One of the hidden benefits of side projects is they provide cross-training for skills which make you better at your core job.
At Amazon, there’s a big writing culture. Any proposal, strategy, or new project starts with writing documents in prose. Documents get a lot of scrutiny and can sometimes take a long time to write (the first 6-page strategy document I wrote at amazon took me over 60 hours and 10+ revisions).
As my day job has become more focused on strategy and operations, I’ve needed to write more documents.
Last week, my boss expressed concern about how many documents I was writing. Knowing how long it takes people to write documents, he was concerned about how many hours I must be working in order to produce that volume of Amazon writing.
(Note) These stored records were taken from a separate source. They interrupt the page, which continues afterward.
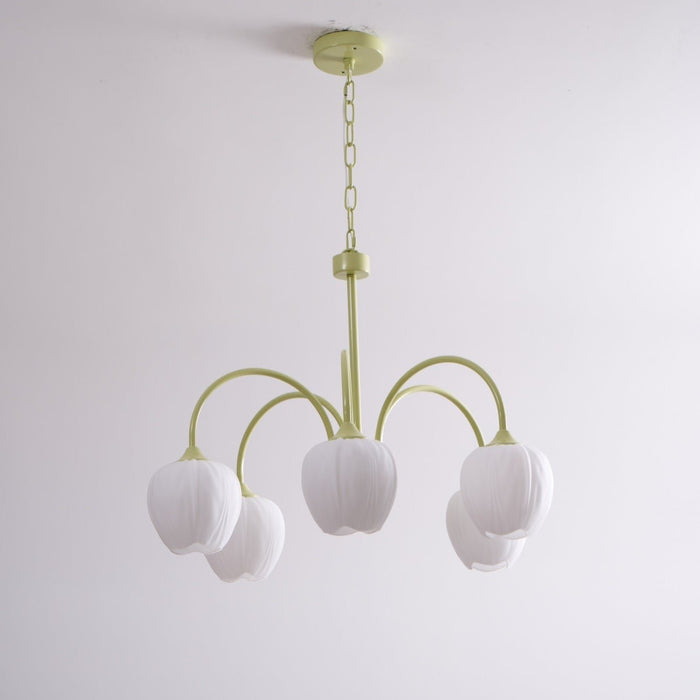 Tulip Matcha Chandelier Vakkerlight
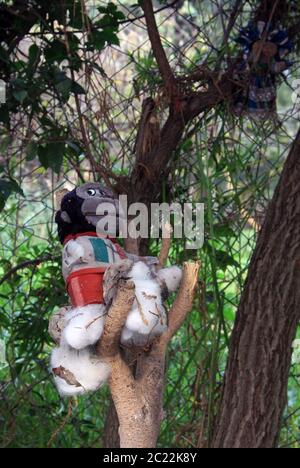 Die Insel der Puppen (La Isla de las Muñecas) kleine Inseln im Xochimilco-See, Mexiko-Stadt, Mexiko Stockfoto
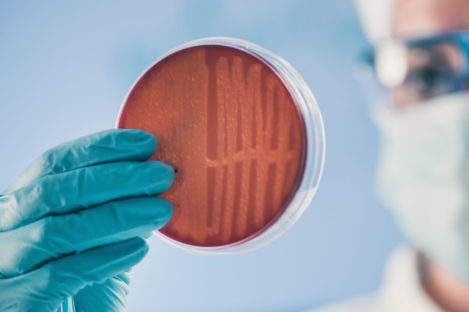 MRSA: diagnosis, screening and management - The Pharmaceutical Journal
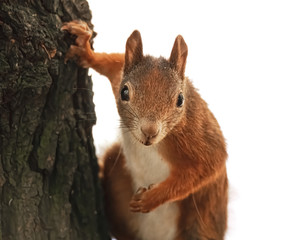 Neugieriges Eichhörnchen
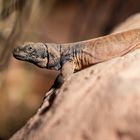 Chuckwalla I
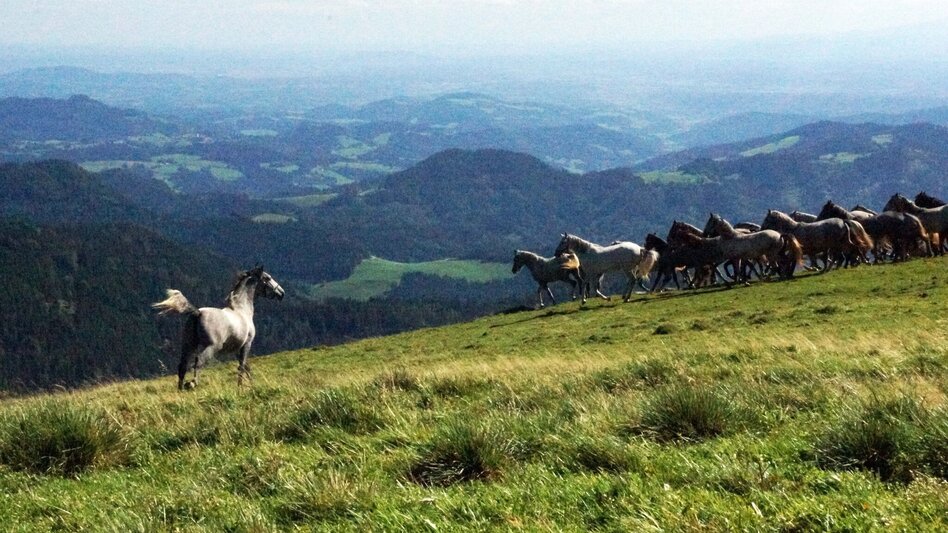 Wanderung Von der Stadt auf den Speik in 2 Tagen - Touren-Impression #2.6 | © Region Graz
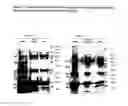 Fig. 19 - Acellular bioabsorbable tissue regeneration matrices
That conversation clarified one of the hidden benefits of my writing this newsletter: it’s helped me constantly exercise my writing muscles and made me an efficient writer. For 40 straight Sundays, I’ve had to polish and ship a piece of writing that I’m proud of. While some people at Amazon often deal with writing block and other forms of inertia when writing documents, I’ve developed to muscles to open up my laptop, write for 3 hours and produce a strong draft that I’m willing to ship. I’ve also complimented the reps I’m getting with Amazon-style writing with a different type of writing. Writing different things in different styles has improved my pliability in writing. At Amazon, the range of documents I’ve needed to write is starting to vary more widely. Recently, some the documents I’ve needed to write are different from any documents I’ve previously written. My Amazon writing experience alone does not give me the requisite experience or skills to write my next document. But the cross-training I’ve done through writing this newsletter has built writing muscles that help me adapt quickly to the needs of the document I need to write and create a strong first draft quickly. Writing this newsletter has served as cross training which has improved my performance in my core job.
Side-projects-as-cross-training can be used in two scenarios: to add variety in your “training” for skills you’re already building in your day job (like my Amazon writing + newsletter writing) and when your day job is not giving you the reps you need to develop a desired skill.
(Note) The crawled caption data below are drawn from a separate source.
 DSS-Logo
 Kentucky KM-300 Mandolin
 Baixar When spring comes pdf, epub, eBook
With the first scenario, Steve Nash is a great basketball analogy. He talks about how cross training with soccer made him a better point guard. It game him better footwork, better court vision, and more creative passing skills, as he had to practice these skills across different contexts. Steve Nash became one of the best point guards of all time, and is widely considered to have some of the best court vision and passing creativity the NBA has seen.
With the second scenario, a good analogy is a basketball player who wants to become a 3-point shooter, but the coach doesn’t want him to shoot 3’s and wants him to say inside. Without getting to reps shooting 3’s in practice, the player can’t build the skills needed to demonstrate to the coach that he’s a capable 3-point shooter. That player would need to find ways to practice 3-point shooting outside of the typical day-to-day (AKA side project) in order to demonstrate to the coach that he should be involved in 3-point shooting drills in practice.
Back to my own reflections, my transition into a more internally facing role has helped me build new skills, but I no longer spend time in my day job coaching founders — a skill that I love exercising and want to continue improving. If I limit my “training” to the core responsibilities of my day job, my founder-coaching skills will not only not improve, they will atrophy.
Therefore, I’ve sought side projects (within Amazon and outside) which force me to continue getting reps coaching founders. I do my fundraising workshops and courses with partners like On Deck, which helps me continue to build those muscles. Despite not getting these reps with my day job, the fact that I’m building these founder-coaching muscles do make me better at my day job. They help me deepen my founder empathy and better understand what varsity-level founder coaching looks like — two things that are important for my role.
My day job gives me plenty of reps with skills of skills I want to develop — managing, operations, hiring, strategy, writing, and more. Complimenting that with cross-training via side projects force multiplies some of that skill development (e.g. writing) while ensuring I’m getting reps with other skills that are important to me (e.g. founder coaching). My side projects not only serve as a method for diversifying my time investments, they serve as cross-training which makes me better at my core job.
When thinking about potential side projects, it’s worth considering if they can be used as cross training to make you better at your core job. If you can figure this out, then your core job and side projects will create a flywheel of skill development.